É claro que eu gostaria de voltar para a minha família, para uma vida em paz e minhas ocupações preferidas, preferiria nunca mais ter que pegar numa pá, morrer de frio em trincheiras úmidas, comer macarrão instantâneo ou ter que sonhar com água quente, um banheiro e roupa limpa. Todos nós estamos cansados, mas não podemos desistir agora. Não temos alternativa senão seguir lutando – não só para nós mesmos, mas também pelos mortos da guerra e por quem está nos esperando em casa. Pelo direito de viver livre.

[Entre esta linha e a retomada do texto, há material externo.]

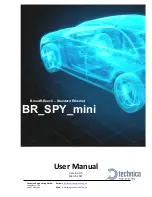 Technica BR SPY mini User Manual preview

Não acredito numa paz rápida, pois não vejo, entre as partes, pontos de contato para um consenso. Por que o agressor encerraria guerra se, seguindo com sua "ofensiva furtiva", ele ocupa cada vez mais regiões da Ucrânia? A Rússia não vai recuar por si mesma, ela só pode ser contida através de uma resistência organizada. Só onde infantaria e drones, tecnologia e um espírito de combate irresistível trabalharem em conjunto, o inimigo não terá chance de continuar avançando.
Ao mesmo tempo, cada atraso na disponibilização da ajuda internacional dá ao inimigo a chance de fortalecer suas posições. Isso é óbvio para todo mundo que está no front. Mas a nossa luta vai continuar, apesar de todas as mudanças políticas e das hesitações dos nossos parceiros internacionais.
Mesmo que agora alguns políticos internacionais de ponta estejam desviando do inimigo para nós a culpa pela deflagração da guerra, nossa resistência não cederá. No fim das contas, estamos defendendo não só o nosso território, mas também a nossa identidade e o nosso direito ao futuro.